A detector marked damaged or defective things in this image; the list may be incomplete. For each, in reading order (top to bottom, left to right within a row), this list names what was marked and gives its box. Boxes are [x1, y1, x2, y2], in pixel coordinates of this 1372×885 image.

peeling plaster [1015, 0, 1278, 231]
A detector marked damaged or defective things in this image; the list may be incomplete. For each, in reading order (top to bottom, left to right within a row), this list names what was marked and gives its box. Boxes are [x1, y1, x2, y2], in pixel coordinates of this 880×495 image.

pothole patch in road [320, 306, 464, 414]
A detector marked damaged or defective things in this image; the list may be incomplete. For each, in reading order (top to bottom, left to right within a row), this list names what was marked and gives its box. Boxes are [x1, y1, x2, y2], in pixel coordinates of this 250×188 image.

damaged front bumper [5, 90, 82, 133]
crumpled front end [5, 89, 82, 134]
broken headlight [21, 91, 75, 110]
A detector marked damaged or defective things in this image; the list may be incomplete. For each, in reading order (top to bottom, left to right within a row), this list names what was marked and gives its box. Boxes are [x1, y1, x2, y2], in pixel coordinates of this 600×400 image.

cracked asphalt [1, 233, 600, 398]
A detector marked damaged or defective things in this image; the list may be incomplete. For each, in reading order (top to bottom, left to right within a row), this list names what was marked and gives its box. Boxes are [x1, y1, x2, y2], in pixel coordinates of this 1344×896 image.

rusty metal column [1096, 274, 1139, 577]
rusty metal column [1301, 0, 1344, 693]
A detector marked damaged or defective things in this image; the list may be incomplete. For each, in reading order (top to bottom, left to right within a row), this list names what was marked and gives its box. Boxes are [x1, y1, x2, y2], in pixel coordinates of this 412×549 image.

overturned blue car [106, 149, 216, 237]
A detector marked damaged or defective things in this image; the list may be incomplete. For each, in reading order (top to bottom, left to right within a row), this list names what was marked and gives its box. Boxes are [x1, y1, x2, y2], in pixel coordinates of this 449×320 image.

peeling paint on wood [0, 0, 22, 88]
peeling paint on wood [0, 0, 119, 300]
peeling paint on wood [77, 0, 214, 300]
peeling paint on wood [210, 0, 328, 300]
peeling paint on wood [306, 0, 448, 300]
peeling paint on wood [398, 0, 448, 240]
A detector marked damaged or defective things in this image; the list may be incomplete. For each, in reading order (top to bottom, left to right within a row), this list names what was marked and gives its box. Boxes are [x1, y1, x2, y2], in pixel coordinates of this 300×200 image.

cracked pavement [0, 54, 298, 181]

::::

> _Task item_
Please transcribe exactly the line containing "this 250×188 image." and every line after it to the end of the data, and no other lines.

> _Response area_
A detector marked damaged or defective things in this image; the list may be incomplete. For each, in reading order (top to bottom, left to right within a row), this list names what was marked and gives its box. Boxes are [x1, y1, x2, y2], in pixel coordinates of this 250×188 image.

damaged front bumper [5, 90, 82, 133]
crumpled front end [5, 89, 82, 134]
broken headlight [21, 91, 75, 110]
A detector marked damaged or defective things in this image; the list may be incomplete. For each, in reading order (top to bottom, left to right within a row), this list names what was marked and gives its box. Boxes are [x1, y1, x2, y2], in pixel coordinates of this 600×400 image.

cracked asphalt [1, 233, 600, 398]
A detector marked damaged or defective things in this image; the list may be incomplete. For each, in reading order (top to bottom, left to right within a row), this list names what was marked and gives its box. Boxes are [x1, y1, x2, y2], in pixel coordinates of this 1344×896 image.

rusty metal column [1096, 274, 1139, 577]
rusty metal column [1301, 0, 1344, 693]
A detector marked damaged or defective things in this image; the list may be incomplete. For each, in reading order (top to bottom, left to right within a row), this list names what was marked and gives its box. Boxes are [x1, y1, x2, y2], in pixel coordinates of this 412×549 image.

overturned blue car [106, 149, 216, 237]
A detector marked damaged or defective things in this image; the list may be incomplete. For each, in reading order (top to bottom, left to right within a row), this list names what was marked and gives its box. Boxes are [x1, y1, x2, y2], in pixel coordinates of this 449×320 image.

peeling paint on wood [0, 0, 22, 88]
peeling paint on wood [0, 0, 119, 300]
peeling paint on wood [77, 0, 214, 300]
peeling paint on wood [210, 0, 328, 300]
peeling paint on wood [306, 0, 448, 300]
peeling paint on wood [398, 0, 448, 240]
A detector marked damaged or defective things in this image; the list may be incomplete. For each, in reading order (top to bottom, left to right within a row), this list names what was marked and gives its box. Boxes are [x1, y1, x2, y2], in pixel coordinates of this 300×200 image.

cracked pavement [0, 54, 298, 181]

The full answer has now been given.